Tanuki-Manga

Tanuki.pl

Wyszukiwarka recenzji

Studio JG

Miłość doda ci skrzydeł

Tom 1
Wydawca: Studio JG (www)
Rok wydania: 2020
ISBN: 978-83-80015-19-7
Liczba stron: 266
Okładka
Dodaj do: Wykop Wykop.pl

Recenzja

Historia opowiedziana w mandze rozgrywa się na górze zamieszkanej przez wszelkiej maści bóstwa, których celem bycia tam jest, jak się wydaje, po prostu bycie tam. Usługują im, dbając, by nie skaziła ich ciemność, skrzydlaci słudzy. Jednym z nich jest Shin – chłopak o złotym sercu, lekkomyślnym i narwanym charakterze oraz niewykształconych skrzydłach, które nie pozwalają mu latać. Mimo to pewnego dnia udaje mu się w końcu dostać na wymarzoną służbę – u bóstwa z ostatniej, najniższej góry, puchatego i bezimiennego. W dodatku, jak się okazuje, dysponującego pewną niezwykłą mocą… oraz potrafiącego przyjmować ludzką postać. Shin nadaje mu imię Baku i zaprzyjaźnia się z nim coraz bardziej, lecz oto ciemność zaczyna pochłaniać kolejne obszary góry i zagrażać jej mieszkańcom, a nawet najwyższemu władcy. Tymczasem dręczące Shina dziwne uczucie doprowadza go, przy pomocy pewnej uroczej bogini, do odkrycia, że część jego wspomnień z dzieciństwa została celowo wymazana, a on i Baku już się kiedyś spotkali – i pokochali.
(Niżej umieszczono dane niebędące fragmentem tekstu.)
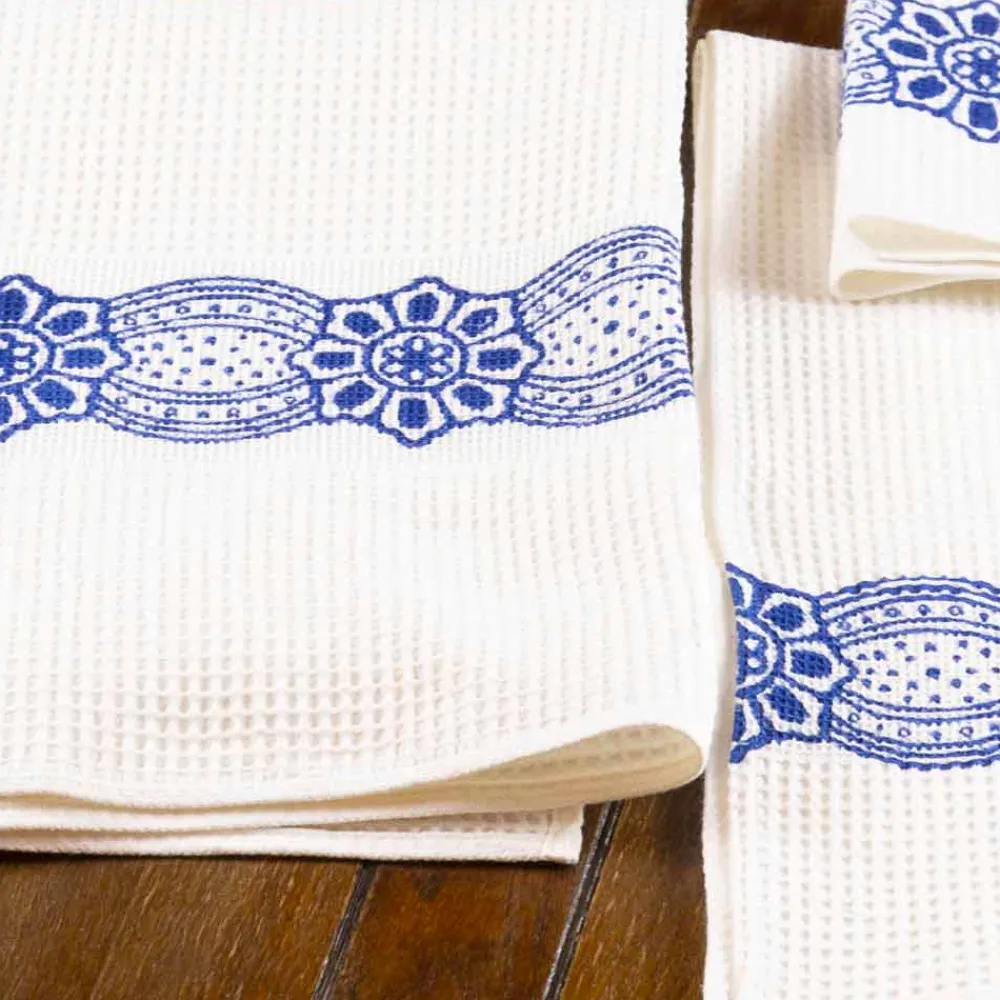 Viadurini by Marchi 1633 Handtücher-Italienisches handgefertigtes Handtuch mit handgefertigtem Druck aus Baumwolle - Viadurini von Marchi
Oprócz głównych bohaterów w mandze pojawia się i odgrywa większą rolę jeszcze kilka postaci. Wszystkie rysowane są zgrabnie i zwyczajnie ładne, widać, że autorka ma już wyrobiony warsztat. Może tylko profile wyglądają nieco dziwnie, ale to raczej maniera niż niedoróbka. Nie brakuje szarości i czerni (za to właściwie nie ma rastrów), wypełnienia tła rysunkami, a kadry są dynamiczne i ożywiają komiks, który przy przeglądaniu sprawia wręcz wrażenie historii przygodowej. Natomiast jest to manga z gatunku BL, i to bardzo grzeczna; raptem dwa pocałunki i tylko w bonusie pojawia się śmielsza sugestia, że związek bohaterów będzie mieć także aspekt fizyczny. Ale i to utrzymane jest raczej w tonacji humorystycznej i bardzo lekkiej.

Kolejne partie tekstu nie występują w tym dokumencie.